Personal information
- Full name: James Frederick Quinn
- Date of birth: 18 November 1904
- Place of birth: West Melbourne, Victoria
- Date of death: 3 January 1986 (aged 81)
- Place of death: Yagoona, New South Wales
- Height: 187 cm (6 ft 2 in)
- Weight: 88 kg (194 lb)
- Position(s): Ruck / Forward

Playing career^{1}
- Years: Club / Games (Goals)
- 1925–31: Essendon / 66 (59)
- ^{1} Playing statistics correct to the end of 1931.
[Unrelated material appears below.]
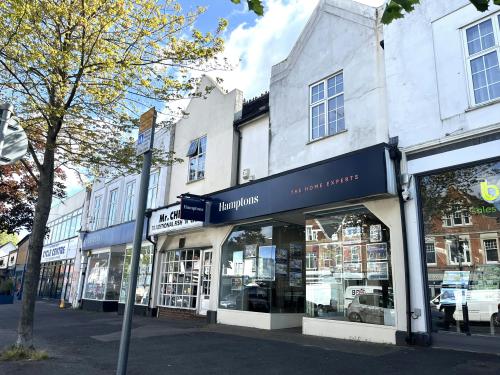 28 The Broadway, Haywards Heath, RH16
= Jim Quinn (Australian footballer) =

Australian rules footballer, born 1904

James Frederick Quinn (18 November 1904 – 3 January 1986) was an Australian rules footballer who played with Essendon in the Victorian Football League (VFL).

==Family==
The son of John Quinn (1870–1941) and Janet Quinn, nee McFarlane (1871–1956), James Frederick Quinn was born in West Melbourne on 18 November 1904.

==Football==
Quinn was a useful follower and forward who became a regular senior player and kicked 59 goals in his time with Essendon, who were disappointed to lose him when he moved to Sydney for work-related reasons.

==Naval cartography==
Quinn worked as a naval cartographer and for his work in chart correction for the Royal Australian Navy he was awarded the British Empire Medal in 1960.